Journalists Face Death Threats And Self-Censorship in Colombia


"Just call me pro-Yankee" read the title of the column Gerardo Bedoya wrote shortly before his death. In it, he said he preferred United States interference to cocaine corruption in Colombia's government.

On March 20, a motorcycle-riding assassin shot down the editor of the El Pais daily in Cali as he walked to his car.

"A journalist in Colombia is always watching over her shoulder," says Mary Isabel Rueda, director of QAP TV news.

Colombia is the riskiest place to practice journalism in the Western Hemisphere, according to the New York-based Committee to Protect Journalists. Forty-two journalists here have been killed in the last decade, 10 percent of the world total. And while the press is free of overt censorship, journalists say they face a practice as restrictive. "Self-censorship" comes either from pressure from conglomerates that own most media or threats from drug cartels, leftist guerrillas, and right-wing paramilitaries.

Further restricting the press, President Ernesto Samper Pisano - angered by the media's coverage of his government's many scandals - has pushed a law through Congress to control television news. The new law requires that news programming be judged by the government for its "objectivity" every six months. If deemed unobjective, the licenses could be taken away.

"It's blackmail. The law is full of arbitrary reasons to license or not license any station," says Ms. Rueda, whose QAP news is seen as a special target because of its heavy coverage of the allegations that the president received campaign money from Cali drug lords.

"It's hard to find investors when you could be shut down every six months," she says. QAP and other news organizations say they hope Colombia's constitutional court will overturn the law. A decision is likely by this summer.

"If you want to keep your show, you'd better self-censor," says Luis Gabriel Cano, editor of Bogot's El Espectador. "But violence [toward journalists] is another kind of censorship," he says.

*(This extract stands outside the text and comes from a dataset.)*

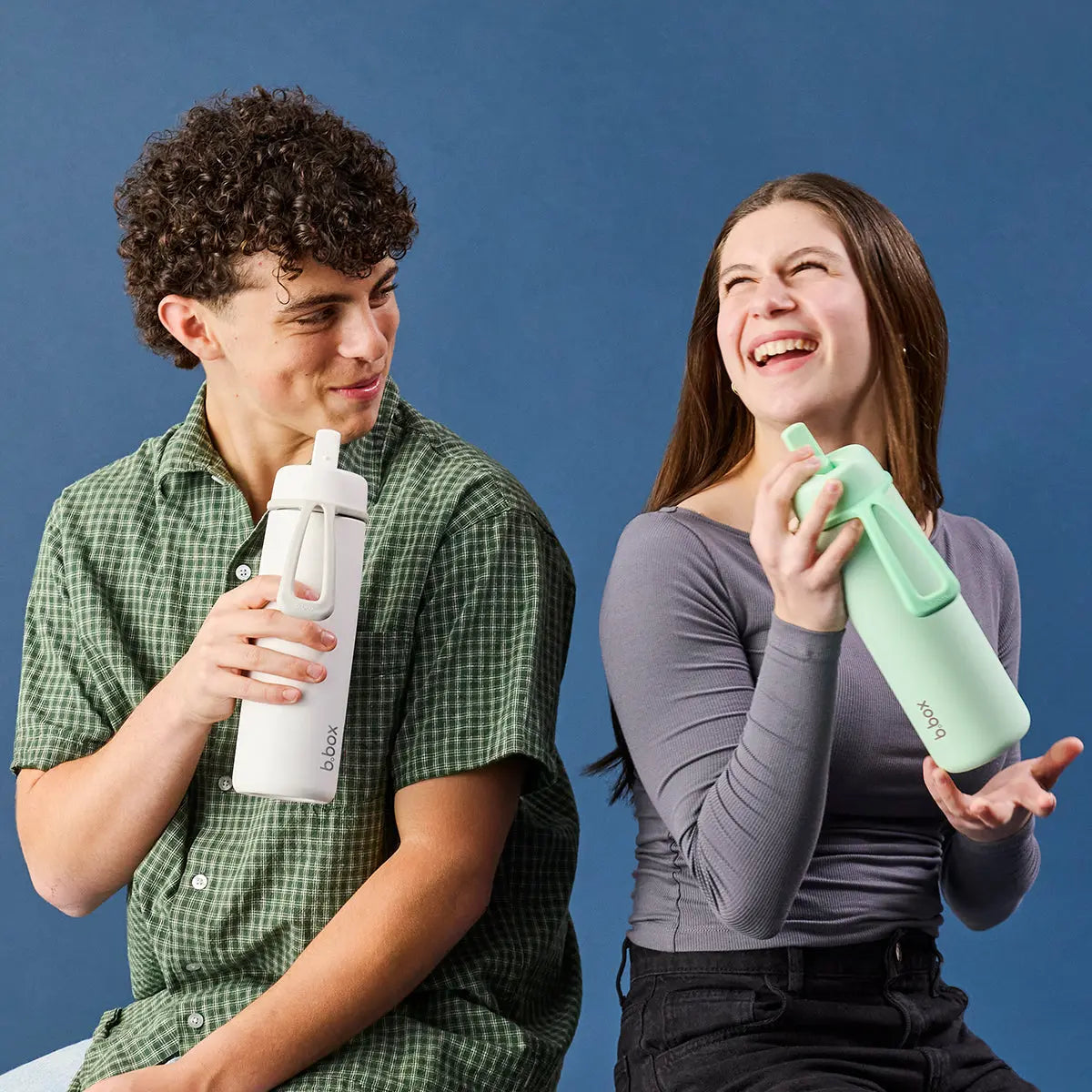 BBox 690mL Insulated Flip Top Bottle - White Out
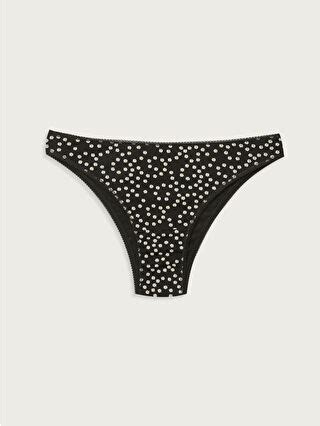 Lcw Eco Siyah Desenli Bikini K Lot W Ee Z Lqj Lcw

Mr. Cano is no stranger to Colombia's violent censorship. His brother Guillermo was one of the country's most respected journalists and among the loudest critics of corruption. Guillermo was gunned down in 1986 during Medellin drug boss Pablo Escobar's ruthless campaign to fight extradition to the US. The paper continued to print antidrug stories, using a collective name to protect individual reporters. That didn't help: A November 1989 explosion blew the El Espectador building to pieces.

This month, several national and foreign press offices received a letter threatening death to any journalist who supports extradition, which is again being discussed by Colombia under US pressure. The letter was signed "the Extraditables" - the name Escobar used.

"Some stories you just don't investigate, like narco-connections within the government and military," says a journalist from Medellin.

"As bad as the narcos," he continues, "are the economic interests behind the media. When you arrive at a new job, they hand you a list of their friends and enemies."

He lost a job two years ago when he began investigating Samper's campaign financing. After getting too close to narcotics connections, he received death threats. He temporarily left the country and even now rarely visits his native city.

Government officials have pledged to investigate Gerardo Bedoya's murder, but no result is expected in a country where more than 90 percent of crimes go unpunished. Authorities assume the killing was the work of drug dealers.